Iceland Volcano Erupts Again, Cutting Off Hot Water From Towns and Spewing Fountains of Lava

People in silhouette standing in front of a tall plume of smoke

People watch Thursday’s volcanic eruption in Iceland. The Icelandic Meteorological Office said Friday afternoon local time that there were no more signs of eruptive activity.
Kristinn Magnusson / AFP via Getty Images

A volcano on Iceland’s Reykjanes Peninsula has erupted for the third time since December in a new period of activity that experts say appears poised to continue.

Tens of thousands of residents lost heating and hot water amid Iceland’s winter, as lava covered a pipe that carries hot water from a power plant to towns, prompting a state of emergency, writes the New York Times’ Egill Bjarnason and Emma Bubola.

At 5:30 a.m. local time on Thursday, intense seismic activity began northeast of the nearby Mount Sýlingarfell. Thirty minutes later, the eruption began from a fissure stretching almost two miles long, according to the Icelandic Meteorological Office. As of Friday afternoon local time, the eruption appeared to be ending.

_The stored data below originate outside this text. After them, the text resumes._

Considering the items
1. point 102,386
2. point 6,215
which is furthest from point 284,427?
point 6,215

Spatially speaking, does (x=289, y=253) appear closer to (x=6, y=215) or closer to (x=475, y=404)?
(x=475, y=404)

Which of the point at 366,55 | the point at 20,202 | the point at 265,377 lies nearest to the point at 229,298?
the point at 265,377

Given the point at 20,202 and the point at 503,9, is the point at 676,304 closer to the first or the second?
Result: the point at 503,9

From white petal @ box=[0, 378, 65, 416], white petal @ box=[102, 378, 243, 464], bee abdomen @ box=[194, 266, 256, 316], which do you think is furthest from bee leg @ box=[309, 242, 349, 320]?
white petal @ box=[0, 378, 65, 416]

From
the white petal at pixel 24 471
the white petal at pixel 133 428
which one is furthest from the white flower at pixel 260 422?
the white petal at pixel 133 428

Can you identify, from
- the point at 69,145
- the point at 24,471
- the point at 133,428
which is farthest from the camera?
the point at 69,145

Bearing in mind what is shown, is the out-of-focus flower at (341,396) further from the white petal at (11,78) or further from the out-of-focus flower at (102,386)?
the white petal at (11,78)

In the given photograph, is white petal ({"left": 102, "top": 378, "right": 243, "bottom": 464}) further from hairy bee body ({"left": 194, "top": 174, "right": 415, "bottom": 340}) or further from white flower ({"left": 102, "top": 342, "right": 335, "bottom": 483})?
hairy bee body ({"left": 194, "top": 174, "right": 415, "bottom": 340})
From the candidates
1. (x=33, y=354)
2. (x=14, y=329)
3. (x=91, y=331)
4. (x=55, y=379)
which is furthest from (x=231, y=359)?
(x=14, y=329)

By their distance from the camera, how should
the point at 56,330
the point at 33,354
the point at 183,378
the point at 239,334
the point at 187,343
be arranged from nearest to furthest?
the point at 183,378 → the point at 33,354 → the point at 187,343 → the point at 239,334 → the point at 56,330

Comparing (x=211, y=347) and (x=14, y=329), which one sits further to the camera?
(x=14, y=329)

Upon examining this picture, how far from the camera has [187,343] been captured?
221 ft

After centuries without volcanic activity in the region, “people thought this area was fairly safe,” Dave McGarvie, a volcanologist who has worked in Iceland, tells Marco Di Marco of the Associated Press (AP). “It’s been a bit of a shock that it has come back to life.”

Fissure eruptions occur along lengthy, narrow lines of breakage and feed lava flows that can travel large distances, according to the United States. National Park Service. The eruption’s lava fountains reached between about 160 and 260 feet high, and the volcanic plume, a mixture of magmatic gases like volcanic particles and water vapor, stretched almost two miles into the air.

Schools, gyms and swimming pools in nearby towns were closed due to the loss of heat and hot water, and officials evacuated guests from the popular Blue Lagoon geothermal spa. The town of Grindavík, the closest population center to the volcano, had already been evacuated before the most recent January eruption, and residents had not returned yet, per the New York Times.

Prior to this week, the volcano had already erupted in mid-December and mid-January. The Icelandic Meteorological Office had warned last week that magma was accumulating, nearing the volume that precipitated January’s eruption and signaling that another eruption can be days or weeks away.

A drone flight around noon local time on Friday didn’t see any eruption activity, and sensors were no longer detecting volcanic tremors, pointing to the possible end of the event.

But future volcanic activity is still on the table.

“There’s no hint that there is a bigger eruption on the way; but what we do know is that magma is still flowing into the crust and being stored for a while and then occasionally bursting out in an eruption,” David Pyle, a volcanologist at the University of Oxford in the United Kingdom, tells the Washington Post’s Kasha Patel in an email. “We have now seen this same pattern since late October, and it looks like it will continue into the future.”

Lava flows and smoke billows from a fissure in the ground in the dark

Lava flows after a volcanic eruption near the town of Grindavík in Iceland early Thursday morning. The town had previously been evacuated prior to an earlier eruption.

Iceland Civil Defense / Handout / Anadolu via Getty Images

While the recent eruption was unlikely to be a direct threat to Grindavík, “it can pose some threat to the road to Grindavík and it can pose some threat to the power plant and even to the Blue Lagoon,” Ari Trausti Gudmundsson, an Icelandic geophysicist, tells Reuters. Lava had spread over the exit road from the Blue Lagoon.

The activity occurred in Iceland’s West Volcanic Zone, which, until 2021, hadn’t been active since 1200, according to the Washington Post.

“It is possible (but still uncertain) that magmatic activity has shifted to the [West Volcanic Zone], and that it will experience several eruptions for decades or centuries to come,” Thomas Algeo, a geologist at the University of Cincinnati, writes in an email to the Post.

It’s unclear whether residents will ever be able to return permanently to Grindavík. “I think at the moment there is the resignation, the stoical resignation, that, for the foreseeable future, the town is basically uninhabitable,” McGarvie tells the AP.

Unndor Sigurdsson, a schoolteacher from Grindavík, tells the New York Times that he saw the recent eruption while driving to work, after watching his home get destroyed in an earlier eruption. “I feel numb at this point,” he says to the publication.